──────── Data shown ────────

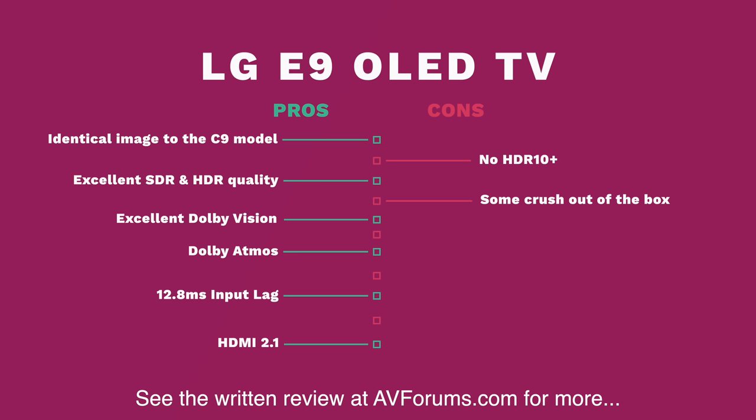The only difference between the LG E9 and the lower level C9 is the design and materials used along with the front firing sound system. In terms of picture quality in our testing, both are more or less identical with SDR and HDR content, so the decision to go with the more expensive E9 will come down to your personal preference in the design and sound options.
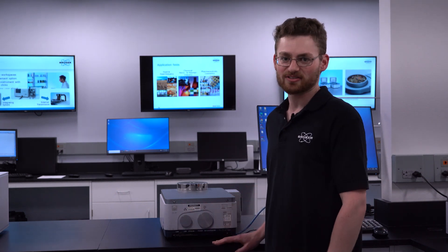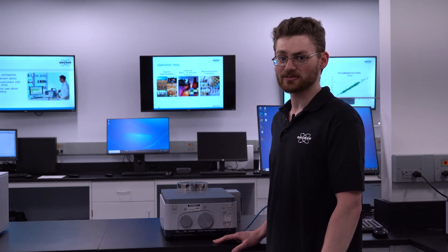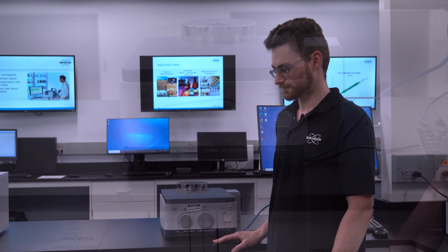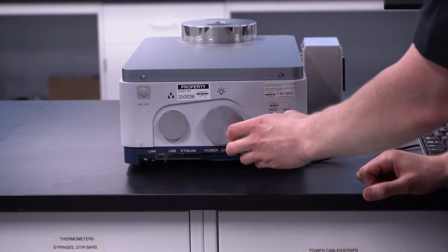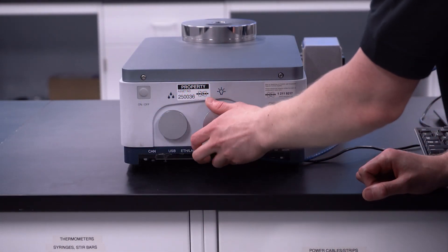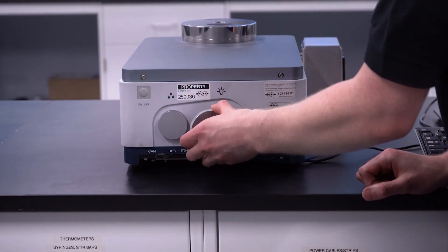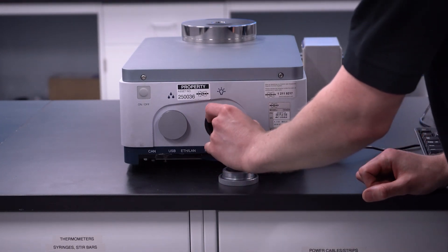The lifetime of the desiccant depends on the environment that the instrument is in. The Tango light source is easy to replace as unscrewing this cap and pulling out the light source.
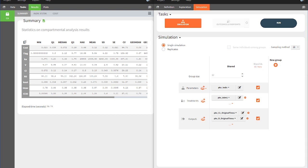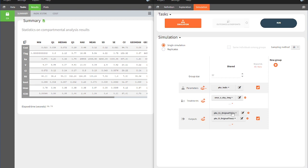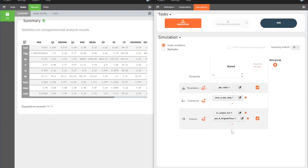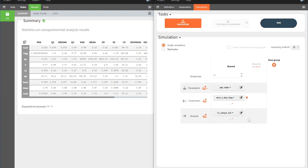We choose as treatment element the element we created before in the Definition tab, analogously with the Output element. We remove the response from the simulation, since we did not create a corresponding response output vector.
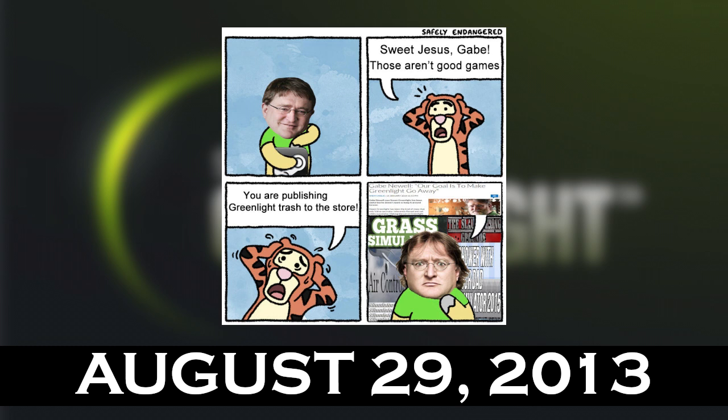August 29th, 2013: Valve modifies the Greenlight program to make it easier to use, approving 100 games in one day as a symbolic gesture. The following year, Steam's catalog grows by 80%, the largest increase since the store was added.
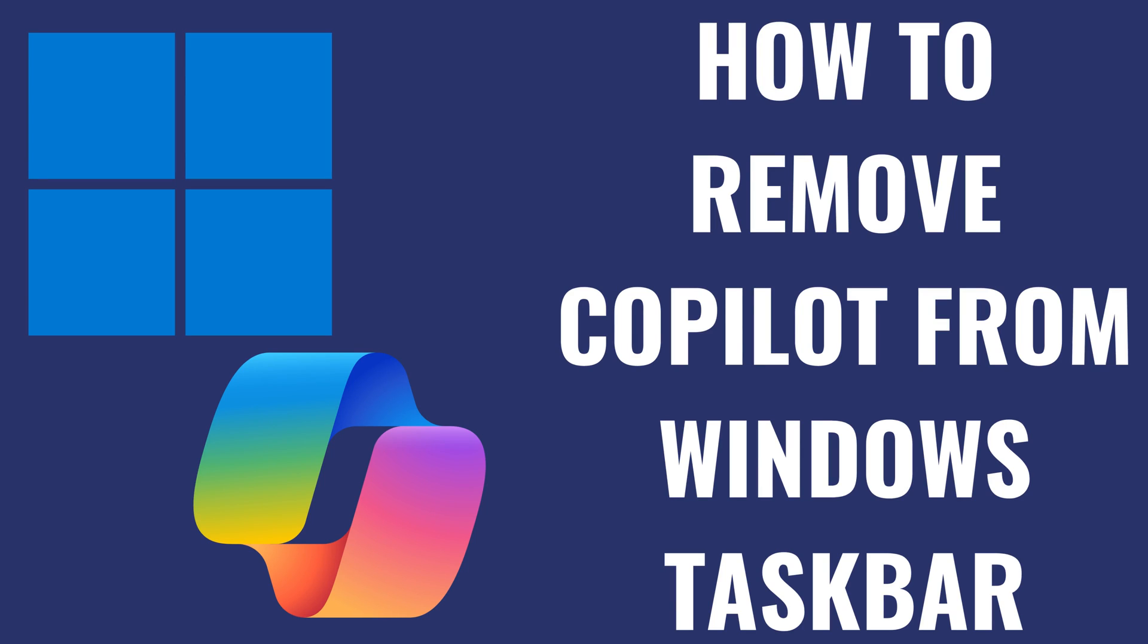I'm Max Dalton, and in this video I'll show you how to remove Copilot from your Windows taskbar.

────────

:: Work to be completed ::
Every line between the one containing "August 29th, 2013: Valve" and the end of the listing, both included, needs to be retyped exactly, minus the pictures.

:: Worked solution ::
August 29th, 2013: Valve modifies the Greenlight program to make it easier to use, approving 100 games in one day as a symbolic gesture. The following year, Steam's catalog grows by 80%, the largest increase since the store was added.
I'm Max Dalton, and in this video I'll show you how to remove Copilot from your Windows taskbar.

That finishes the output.